No caso dos autos, uma mãe tentou matricular sua filha de 3 (três) anos numa creche municipal, mas não obteve sucesso em virtude da indisponibilidade de vagas no estabelecimento. Irresignada, moveu ação de obrigação de fazer em face do ente público, cujos pedidos foram acolhidos em primeira instância - e mantidos nas subsequentes. O argumento defensivo (vencido) foi no sentido de que o Poder Judiciário não poderia se imiscuir em matéria orçamentária e administrativa, reservada exclusivamente à atribuição do Poder Executivo.
Venceu, contudo, a tese autoral. Consignou o relator que "A educação infantil, como primeira etapa do ciclo de educação básica, assume relevância singular no início da formação da personalidade humana. As primeiras experiências de convívio educacional na primeira infância marcam etapas importantes na formação de sua personalidade, bem como da sua socialização e inteligência emocional, contribuindo para o desenvolvimento de capacidades psíquicas, físicas e motoras, em metodologia lúdica que permita o cuidado e a proteção integral das crianças. Na primeira infância, o acesso à educação infantil de qualidade é essencial para que se busque, mediante o exercício de funções de cuidado, educação e atenção, a formação de componentes imprescindíveis ao desenvolvimento integral das crianças, para que essas possam, de forma ativa, começar a construir conhecimentos sobre si mesmas, bem como sobre o mundo que as cerca.
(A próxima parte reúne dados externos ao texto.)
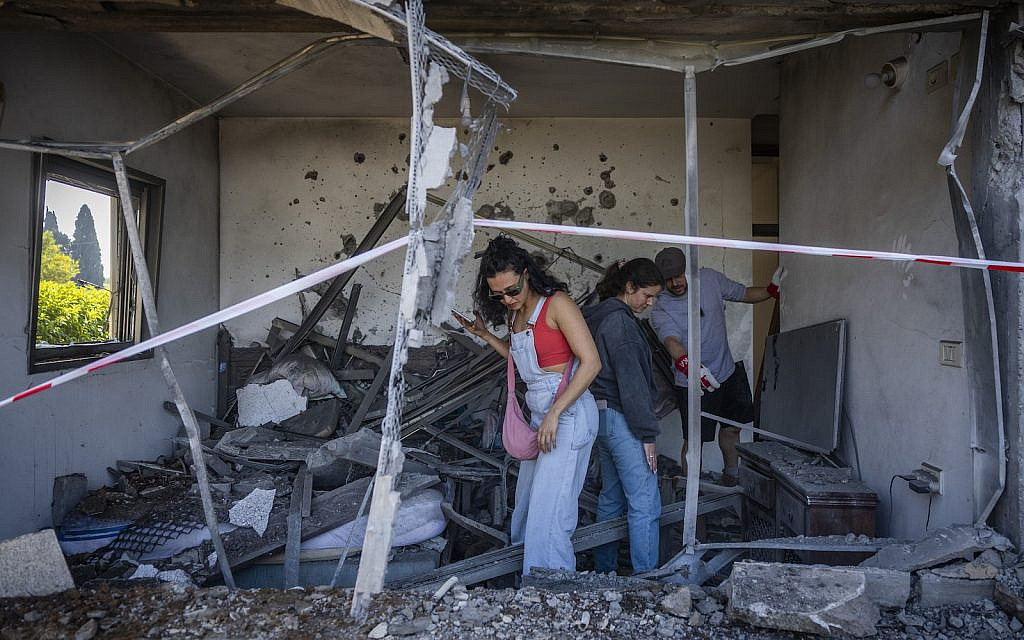 People at the scene where a house was hit by a missile fired toward Israel overnight in Moshav Hani’el, March 12, 2026. (Chaim Goldberg/Flash90)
Nesse contexto, a necessidade de as famílias irem trabalhar fez surgir a necessidade de creches, como estabelecimentos extradomiciliares específicos destinados ao serviço de educação e cuidado para as crianças de primeira infância, enquanto os demais integrantes de suas famílias se afastavam do lar para trabalhar".
Importante registrar que a educação constitui direito fundamental e social (art. 6º, CF/88), titularizado por todos em face do Estado (art. 205). Nos termos do art. 7º, XXV, a Constituição consagra a "assistência gratuita aos filhos e dependentes desde o nascimento até 5 (cinco) anos de idade em creches e pré-escolas" como direito dos trabalhadores urbanos e rurais. O art. 208, por sua vez, estatui que o dever do Estado com a educação será efetivado mediante a garantia de "educação infantil, em creche e pré-escola, às crianças até 5 (cinco) anos de idade". Já na legislação infraconstitucional, cabe invocar as disposições dos arts. 53, I, e 54, IV, do ECA, e dos arts. 4º, II, 11, V, 29, e 30, I e II, todos da Lei nº 9.394/96 (Lei de Diretrizes e Bases da Educação Nacional).
Também é válido ressaltar que, em se tratando de efetivação do acesso ao ensino fundamental e a educação infantil, o papel dos Município é prioritário, a teor do expresso no art. 211, §2º, da Constituição Federal.
Uma vez desrespeitada a promessa (garantia) constitucional pela fruição desse direito (fundamental), configura-se a lesão a direito que, na forma do art. 5º, XXXV, da Carta Magna, atrai a tutela jurisdicional do Estado para sua remediação - sem qualquer burla ao princípio constitucional da separação das funções de poder (art. 2º).
Processo: STF, Plenário. RE 1.008.161/SC, Rel. Min. Luiz Fux, j. 22/09/2022 (Tema 548 da Repercussão Geral - Informativo 1069).